Most candidates used Twitter but its influence unknown

#GE16 not ‘the social media election’, as some predicted

Photograph: Reuters/Dado Ruvic

Photograph: Reuters/Dado Ruvic


Social media in Election 2016 was more important than ever before – more that 70 per cent of candidates had a Twitter account, up from 57 per cent during the 2011 election. However, the jury is still out on whether it influenced the result.

None of the parties in GE16 managed to capture online attention in the way that occurred during the marriage referendum, when online engagement played a significant role in the result.

If anything, the strategies employed by the parties were predictable and unspectacular – bar a few notable exceptions such as Social Democrat Gary Gannon’s one-take canvassing movie and Michael Healy-Rae’s campaign song.

However, the three leaders’ debates and opinion poll figures were widely played out and argued about, showing that the “second screen” phenomenon has moved beyond the realm of sports fans.
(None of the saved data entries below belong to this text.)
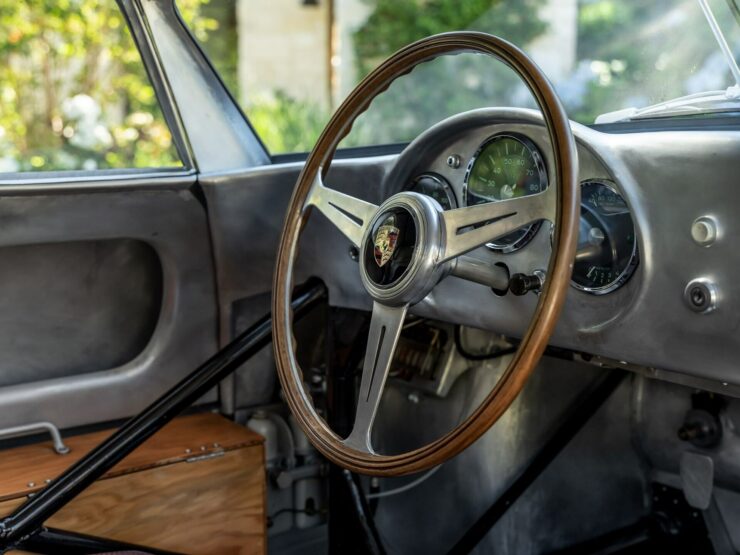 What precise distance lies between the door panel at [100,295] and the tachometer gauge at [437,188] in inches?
23.6

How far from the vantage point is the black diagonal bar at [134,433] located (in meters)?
1.73

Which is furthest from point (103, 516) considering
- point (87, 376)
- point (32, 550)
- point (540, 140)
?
point (540, 140)

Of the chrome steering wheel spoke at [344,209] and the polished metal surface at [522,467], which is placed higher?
the chrome steering wheel spoke at [344,209]

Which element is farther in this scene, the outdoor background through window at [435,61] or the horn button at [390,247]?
the outdoor background through window at [435,61]

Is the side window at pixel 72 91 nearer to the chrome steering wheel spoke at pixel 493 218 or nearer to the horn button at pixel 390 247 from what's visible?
the horn button at pixel 390 247

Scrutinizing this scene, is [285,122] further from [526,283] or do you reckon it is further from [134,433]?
[526,283]

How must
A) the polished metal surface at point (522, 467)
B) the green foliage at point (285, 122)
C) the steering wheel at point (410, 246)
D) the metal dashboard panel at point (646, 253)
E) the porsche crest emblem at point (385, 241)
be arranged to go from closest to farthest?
1. the steering wheel at point (410, 246)
2. the metal dashboard panel at point (646, 253)
3. the porsche crest emblem at point (385, 241)
4. the polished metal surface at point (522, 467)
5. the green foliage at point (285, 122)

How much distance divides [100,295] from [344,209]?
0.76 metres

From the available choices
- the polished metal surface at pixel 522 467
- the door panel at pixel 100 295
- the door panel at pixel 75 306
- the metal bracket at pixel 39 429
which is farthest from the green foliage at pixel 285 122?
the metal bracket at pixel 39 429

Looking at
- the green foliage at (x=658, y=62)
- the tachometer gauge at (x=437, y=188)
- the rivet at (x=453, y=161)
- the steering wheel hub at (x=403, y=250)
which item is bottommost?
the steering wheel hub at (x=403, y=250)

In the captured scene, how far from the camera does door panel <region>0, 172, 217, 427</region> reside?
1993 millimetres

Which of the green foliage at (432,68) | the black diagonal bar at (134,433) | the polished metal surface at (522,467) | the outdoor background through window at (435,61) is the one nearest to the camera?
the black diagonal bar at (134,433)

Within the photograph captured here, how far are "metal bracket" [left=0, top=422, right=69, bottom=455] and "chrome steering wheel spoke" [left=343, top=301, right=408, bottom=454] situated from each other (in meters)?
0.77

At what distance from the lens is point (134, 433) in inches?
73.8
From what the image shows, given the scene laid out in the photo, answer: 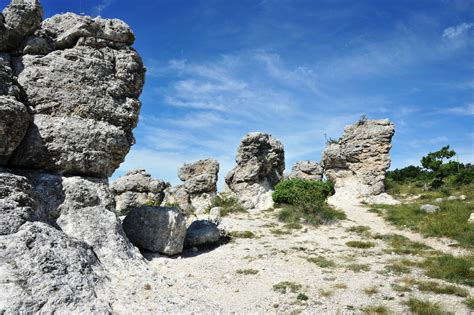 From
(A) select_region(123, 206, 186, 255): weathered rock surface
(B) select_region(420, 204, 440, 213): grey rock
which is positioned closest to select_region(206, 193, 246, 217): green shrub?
(A) select_region(123, 206, 186, 255): weathered rock surface

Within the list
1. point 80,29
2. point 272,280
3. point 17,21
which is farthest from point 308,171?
point 17,21

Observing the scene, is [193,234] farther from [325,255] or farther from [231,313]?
[231,313]

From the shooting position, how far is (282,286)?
31.0 feet

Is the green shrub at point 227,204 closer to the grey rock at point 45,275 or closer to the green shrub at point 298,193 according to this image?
the green shrub at point 298,193

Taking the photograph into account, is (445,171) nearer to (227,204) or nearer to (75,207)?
(227,204)

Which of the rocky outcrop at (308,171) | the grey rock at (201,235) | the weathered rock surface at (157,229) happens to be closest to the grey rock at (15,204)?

In many ways, social media has become a routine part of Irish elections , the digital equivalent of the campaign poster or the election leaflet. Ninety per cent of FG, Labour and Social Democrat candidates had Twitter accounts.


However, many of these were largely dormant, or rarely active during much of the 31st Dáil, and were only brought back into life from January onwards as the election temperatures mounted.

The four largest outgoing parties, including Labour – the parties themselves, plus their candidates – tweeted more than 27,000 times during this short campaign.

Sinn Féin and the Social Democrats were the most active parties and their frequent personal engagements with followers proved popular, allowing them to bypass the oft-derided mainstream media.

Meanwhile Sinn Féin, the Social Democrats, and the Green Party each notched up more than 7,000 tweets over the 23 days, while their supporters were the most active, too.

For some candidates, the Twitter experience was one of many new ones during the campaign. However, others such as Gerry Adams and Stephen Donnelly have long since cultivated strong personal online brands.

Did all of this Twitter activity translate into votes? Not really, especially when it came to the established parties, but it did appear to have some value for the newer parties.

When we view Twitter activity through the lens of the election results, it suggests a tale of two demographics when it comes to social media. Fifty per cent of the audience consists of 15-24 year olds, largely living in urban areas.

For parties aiming to target younger voters, such as the Social Democrats and Sinn Féin, the emphasis they placed in developing their presence on the platform paid off.


On the other hand, Fianna Fáil’s relative lack of presence on Twitter did not apparently hinder its fortunes, while Fine Gael’s more orchestrated efforts did not give an edge in marginal constituencies.

So #GE16 was not “the social media election”, as some predicted. Social media is certainly gaining in significance, but it’s not a kingmaker – not yet.

Dr Derek Greene is a lecturer at the school of computer science, UCD, and a funded investigator at the SFI Insight Centre for Data Analytics. He ran the publicly available Insight4Elections election data analysis project with Dr Georgiana Ifrim at UCD.